See also the quantum chapter in my complexity book with Sanjeev Arora
for more details on Simon's and Shor's algorithms, as well as Bell's experiment.
General links about cryptography
Some reading: An excellent discussion of provable security appears in this survey/position paper of Ivan Damgard. It refers also to issues raised in these 2004 and 2006 papers of Koblitz and Menezes, where they criticize proofs of security. In my view, some of the issues they raise are valid, though not novel, but the entire discussion is incomplete and rather misleading. See also this AMS Notices article by Koblitz and these responses (including one by me). Perhaps what bothers me most about these discussion is that they tend to focus too much on proofs of security, as opposed to precise definitions of security, whereas in my opinion the latter are even more fundamental to both the theory and practice of cryptography (although proofs are of course necessary to show that "crazy-sounding" definitions such as chosen-message secure signatures or chosen-ciphertext secure encryption can actually be satisfied).
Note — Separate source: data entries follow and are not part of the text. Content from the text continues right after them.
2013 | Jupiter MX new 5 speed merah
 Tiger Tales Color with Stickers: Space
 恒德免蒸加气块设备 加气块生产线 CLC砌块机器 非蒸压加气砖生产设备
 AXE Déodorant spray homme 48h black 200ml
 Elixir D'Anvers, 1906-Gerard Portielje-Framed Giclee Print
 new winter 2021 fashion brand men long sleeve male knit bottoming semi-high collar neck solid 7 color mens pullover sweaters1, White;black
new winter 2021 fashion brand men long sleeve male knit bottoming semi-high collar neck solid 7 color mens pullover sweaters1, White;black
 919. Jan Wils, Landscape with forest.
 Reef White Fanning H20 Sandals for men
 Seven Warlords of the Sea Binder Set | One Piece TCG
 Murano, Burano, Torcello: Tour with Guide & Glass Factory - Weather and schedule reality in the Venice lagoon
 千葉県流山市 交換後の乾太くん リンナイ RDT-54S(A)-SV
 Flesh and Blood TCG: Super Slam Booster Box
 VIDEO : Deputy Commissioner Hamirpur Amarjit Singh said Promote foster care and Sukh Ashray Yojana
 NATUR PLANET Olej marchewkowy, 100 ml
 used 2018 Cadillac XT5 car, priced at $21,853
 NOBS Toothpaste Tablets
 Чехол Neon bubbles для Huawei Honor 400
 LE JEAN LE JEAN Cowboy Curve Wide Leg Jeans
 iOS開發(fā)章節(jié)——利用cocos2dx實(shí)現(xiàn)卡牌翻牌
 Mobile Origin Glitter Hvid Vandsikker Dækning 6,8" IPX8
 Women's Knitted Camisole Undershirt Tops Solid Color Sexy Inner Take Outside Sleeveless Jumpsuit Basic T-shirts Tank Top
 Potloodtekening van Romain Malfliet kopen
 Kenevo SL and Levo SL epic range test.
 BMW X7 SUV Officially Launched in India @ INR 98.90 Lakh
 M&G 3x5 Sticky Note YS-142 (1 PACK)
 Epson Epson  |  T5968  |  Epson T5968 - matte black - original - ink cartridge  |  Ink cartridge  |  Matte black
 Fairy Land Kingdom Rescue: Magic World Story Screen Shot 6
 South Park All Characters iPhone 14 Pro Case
Collaborating with your classmates on assignments is OK and even encouraged. You must, however, list your collaborators for each problem. The assignment questions have been carefully selected for their pedagogical value and may be similar to questions on problem sets from past offerings of this course or courses at other universities. Using any preexisting solutions from these other sources is strictly prohibited.